The Song of Solomon uses this flower to describe the beauty of a young woman (2:1). The plain where the flower was found was known for its beautiful flowers in the time of Solomon. The entire second chapter of the Song of Solomon is quite poetic.
1 I am only a wild flower (Rose) in Sharon, a lily in a mountain valley. 2 Like a lily among thorns is my darling among women . . .
Come then, my love; my darling, come with me. 14 You are like a dove that hides in the crevice of a rock. Let me see your lovely face and hear your enchanting voice. (Song of Solomon 2:1 - 2, 10, 14)
No one today knows exactly what this flower looked like at the time of Solomon.
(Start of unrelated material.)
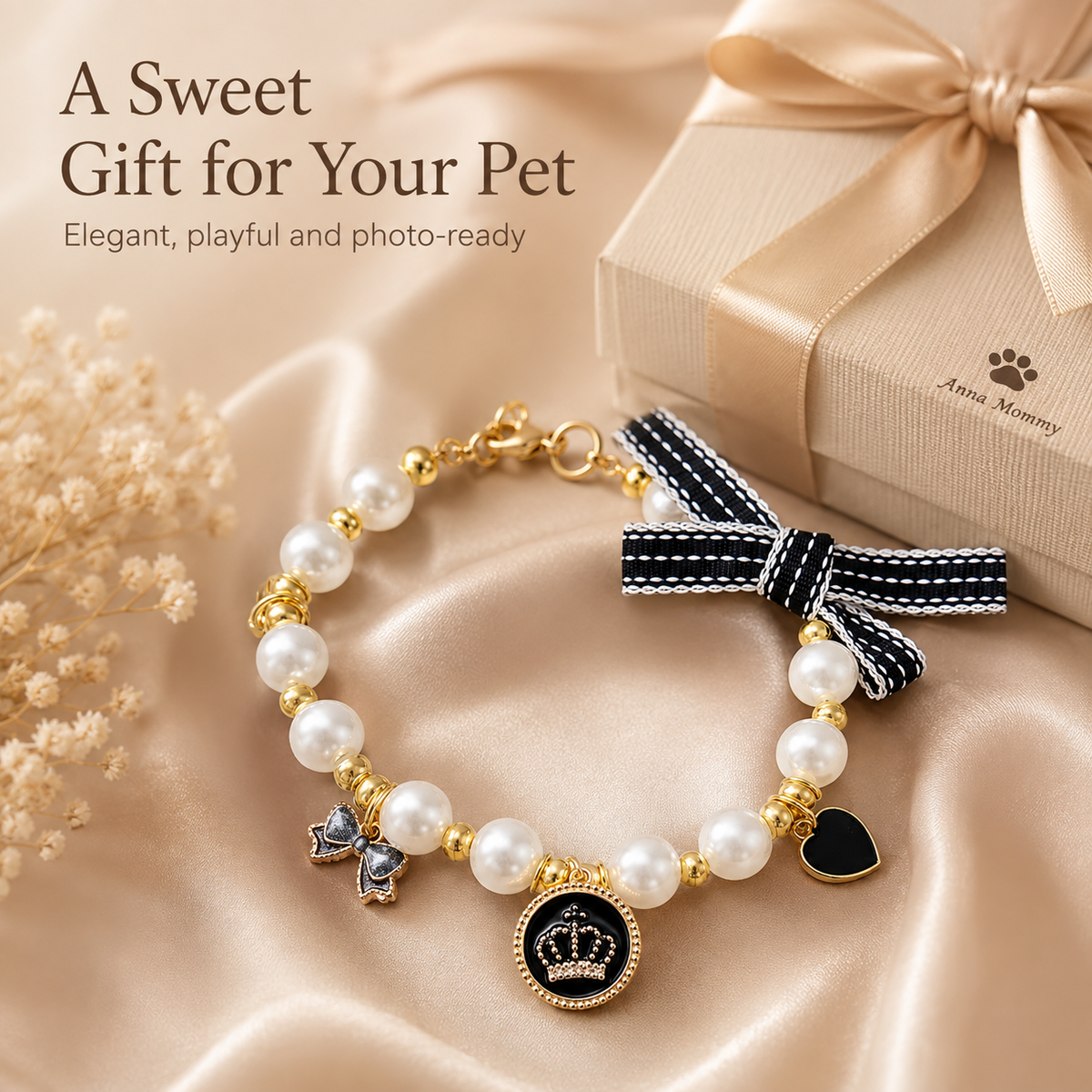 Ivory Pearl Bow & Crown Pet Necklace — view 7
In the first verse of the Song of Solomon (sometimes referred to as the Song of Songs) chapter 2, the Hebrew word chabatstseleth (Strong's Concordance #H2261) is translated as our English word "rose."
According to one commentary, many authorities agree that the flower mentioned by Solomon was some kind of bulb plant. Some Hebrew lexicons say this word is referring to a meadow saffron, many of which can still be found in the area today. In any case, there seems to be no reason why the rose, of which several varieties are common in Palestine, should not be meant by Solomon.
Gilead, part of ancient Israel's inheritance from God, gave its name to the balm of Gilead mentioned in the Bible (Genesis 37:25, Jeremiah 8:22, 46:11) as a healing ointment of great value, sometimes used as a trading commodity. There is no direct Biblical connection between the balm and the Rose of Sharon, but your question regarding any medicinal use of the plant was quite interesting since portions of today's roses are used for medical treatment.
The Bible does not use the rose as a symbol for Jesus but this phrase obviously has had tremendous resonance in modern culture.